Notes on European Imaginaries of Indigineity

Any time I mention Indigenous communities, either those near where I lived in Maine or others across the continent, to my (white) Italian friends, they'll be curious. But how many recognized groups are there? But they still exist in the United States? Meanwhile, often we're talking in my environmental anthropology classes about Indigenous realities, mostly from the Amazon region. Starting from the "ontological turn" of Vivieros de Castros and others in the 1990s, a more radical branch of academia admits to equally valid forms of living, being, and knowing as practiced among people with longstanding working relationships to everything around them.

But I note two things: first, that these are still mediated relationships, for the most part. The anthropologist has learned how to be fairly non-extractive (at least in my classroom) and dedicated to collaboration, healing, and trust. This is, however, far from 'self-translation,' where Indigenous folks choose when and how to write 'outwards' beyond their community about their own realities. Second, our focus (in an international program) is shifted away from any communities within the boundaries of the USA. I interpret this as a sign of ongoing structural erasure of Indigenous people in my country, despite the activism that links Native rights issues to Indigenous allies worldwide.

Three exhibits on the attitude toward "Indians" or other US Indigenous stereotypes.
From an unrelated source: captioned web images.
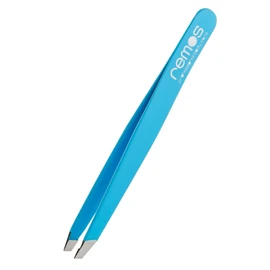 Remos Eyebrow Tweezers Stainless Steel 9 cm with Slanted Tip Coloured Coated Blue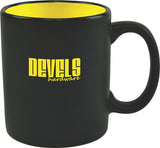 Chalk 11oz 2tone black/yellow mug in Ripple brown Gift box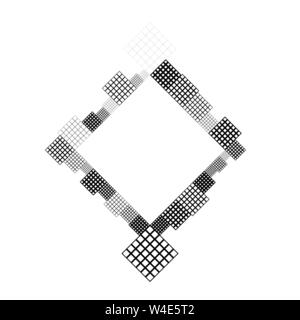 Diagonal geometrical minimal black and white square badge design element - modern vector graphic with blank space in the center Stock Vector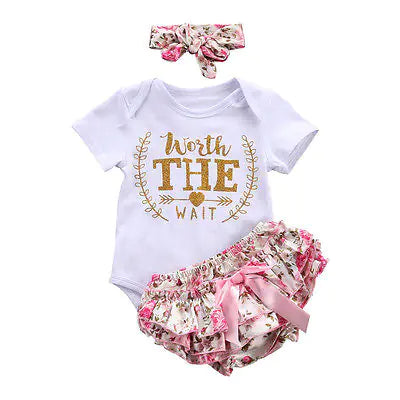 2019 Summer Baby Girl Short Sleeve Romper Set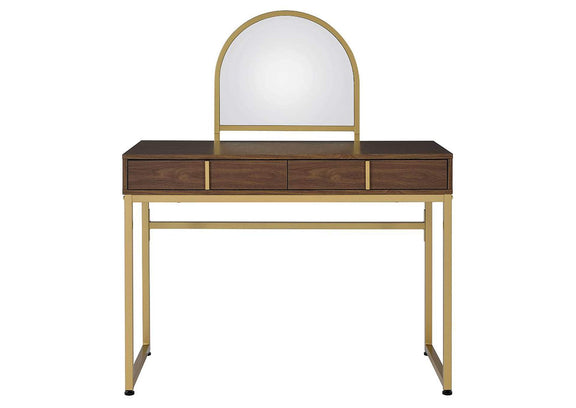 AC00670 Coleen Vanity Desk with Mirror and Jewelry Tray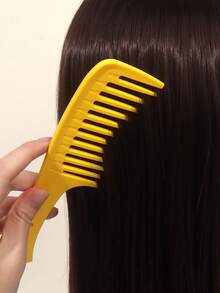 1pc Wide Tooth Hair Comb - Yellow - View 4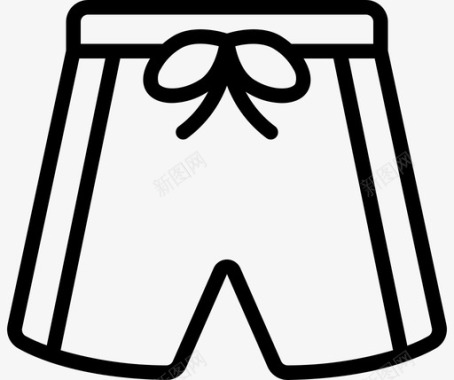 短裤时尚与服装3直线型图标图标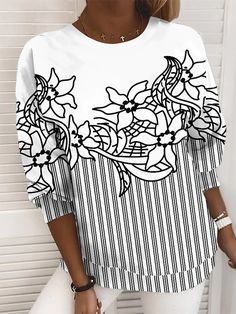 Floral Casual Crew Neck Sweatshirts Shop Hoodies, Floral Hoodie, Women Hoodies, Tunic Sweatshirt, Sweatshirts Online, Floral White, Women Hoodies Sweatshirts, Unique Designers, Floral Style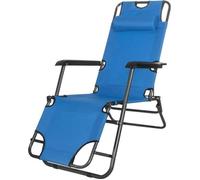 Transat de jardin pliable - SPRINGOS - bleu - Chaise longue de jardin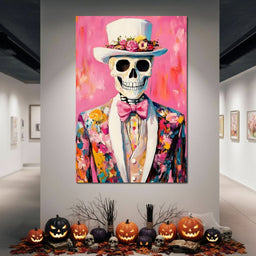 Dapper Skeleton Floral Jubilee - NicheCanvas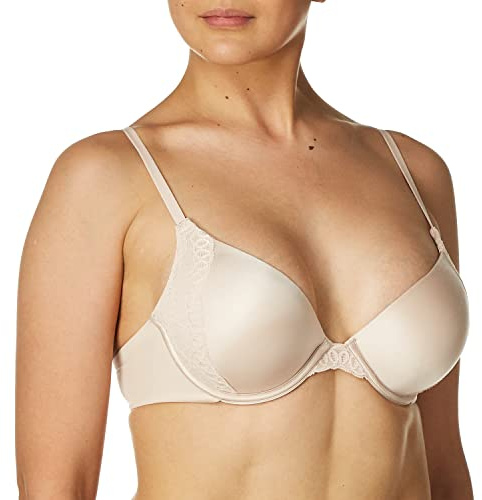 Maidenform Natural Boost Demi Bra, Push-Up Lace T-Shirt Bra with Convertible Straps, Add-One-Cup-Size Push-Up T-Shirt Bra, Sandshell, 36A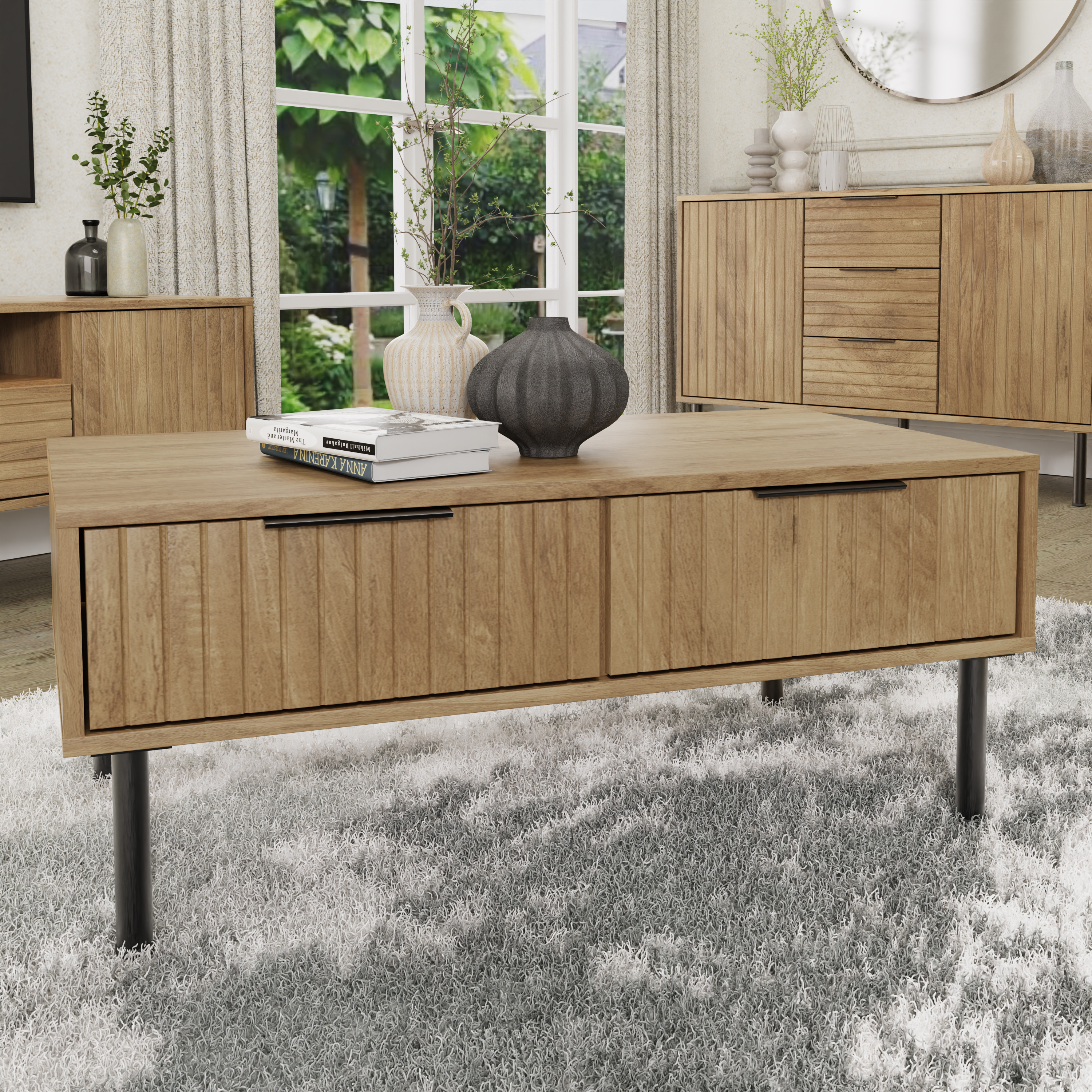 Coffee Table - Lawson Coffee Table with 2 Drawer Oak and Black - Campbell Craft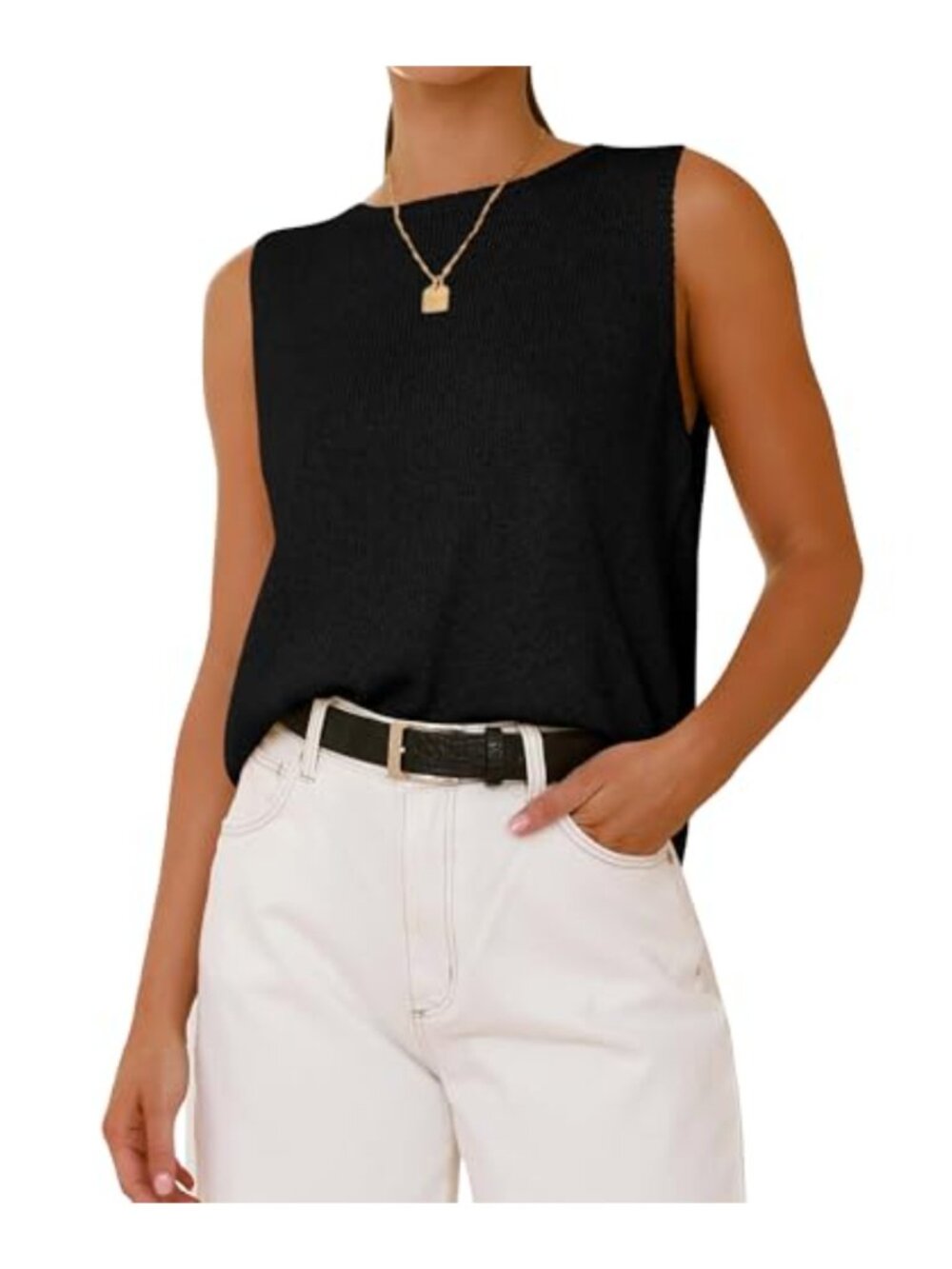 Loose Sleeveless Ribbed Knit Tank Top Crew Neck Sweater Vest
1) A sticker on a wall not far from my Italian university: a white silhouette with a feathered headdress sits in profile against a black background. I assume this sticker was created, distributed, and placed by people who do not identify as Indigenous to Turtle Island. So why is it here? I have a suspicion that it's a sign of style: the idea of Native tradition is compelling from afar, connoting a noble and proud life in the face of colonial occupation. Stereotypes conjure up ideas of political defiance that create beauty.

2) Indians of the Concrete Jungle: the name used by a group of Swedish climate activists when deflating SUV tires in 2007. Author Andreas Malm, who tells the story in his book How to Blow Up a Pipeline says that it is "admittedly a silly and even inappropriate name. (We received an email from a Native American upset about our cultural appropriation.)" The entire fight and the news coverage around it is seeped in Wild West language: a counter-group called the Cowboys sprung up and promised "some Indian to bathe in blood any night now." Though Malm acknowledges the insensitive choice, the implications goes deeper than he realizes. As a colonial term, "Indians" activates an antagonistic relationship between occupier and occupied (which does align with the group's intentions). However, to brand oneself with the term is captializing on a racialization of Indigenous groups to increase one's own masculine bravado. If activists were doing the same on US soil, we'd connect them to alt-right hate groups or the strange fetishistic attitude toward Indigenous identity from the 20th century (and ongoing...).

3) TEX: A popular Italian comic book that is still spotted at new and used book stalls. The copy below was found in an friend's house, one of a series of perhaps twenty. The series follows a white anglo cowboy who keeps law and order in the desert southwest (e.g. "Arizona") against a host of untamed monsters and bandits, who are always marked as Indian or Mexican through signs of face paint, headdresses, bandannas, dark skin, bare chests, and other racialized markers. From a glance, it is clear that the Indians are portrayed as lazy and deceitful.



Across all three exhibits I see a European fascination with the American Indian as imagined by 20th century American media. There is a clear disconnect between the realities of Indigenous people within the US and what is imagined when I say "Indigenous people" to a person raised in a European (or at least an Italian) context. This is complemented by a European academic gaze toward the Andes and Amazon as the sources of a contemporary Indigenous critique – resembling the soft Orientalism toward East Asia that springs up daily in Italian classrooms – despite the self-produced scholarship from countless Indigenous scholars in what is now called North America. I will keep sharing among my classmates stories and materials that can more accurately reflect the Indigenous realities in Maine and elsewhere on Turtle Island.